This morning I got up earlier than I would have liked to. I hadn't slept well at all perseverating about stuff that really in the grand scheme of things I realize, intellectually, are not very important, but they were to me at 1, 2 and 3 in the morning. I didn't get much sleep and intended to get up a half hour later that my original plan, but as I've learned, when you have kids, it's not wise to bank on a plan. This is a hard pill for me to swallow. My dog was crying, he wanted to go out. I guess you could say I had already woken up on the wrong side of the bed, so when I went downstairs to get my daughter some milk, the 'I want to scream' impulse hit me. When I got midway down the stairs, I could see the carnage. My daughter's toys strewn all about the living room, dining are and into the kitchen. I was close to screaming.
Why couldn't my husband straighten up before he came up and watched that photography dvd with his noise canceling headphones in bed? He had time for that. Maybe it didn't occur to him. I don't know. It's these little things that sometimes make me feel like am a single parent. My husband works a lot and travels a good amount too.
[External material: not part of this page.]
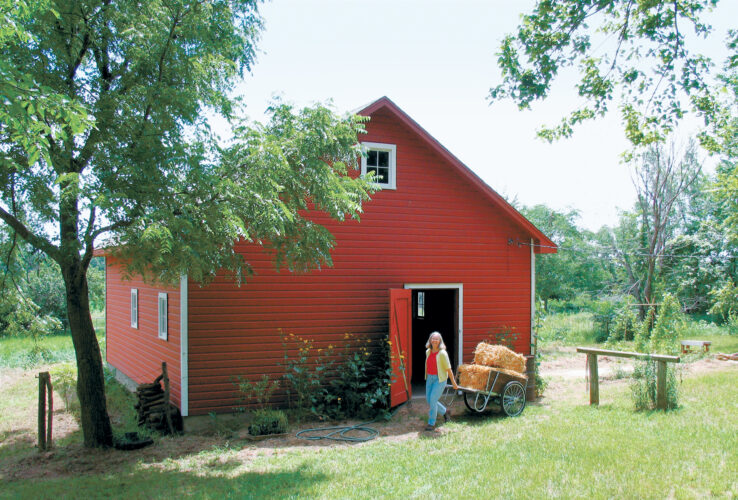 Building With American Barn Architectural Styles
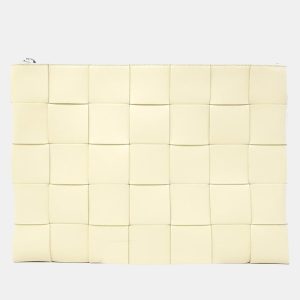 Bottega Veneta Beige Cassette Clutch, Clutches & Special Occasion Bags - Luxury Closet catalog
When he is gone, I don't expect him to be there and I'm not pissed that he's not helping because he is, he's working. But when he is home, on the weekends, I do get pissed when I feel like am the only parent in the house and this morning, seeing these toys thrown about set those feelings off and I wanted to scream. He made up for it by watching our daughter so that I could run. I ran instead of screaming. I felt better.
Does anyone else out there feel like screaming?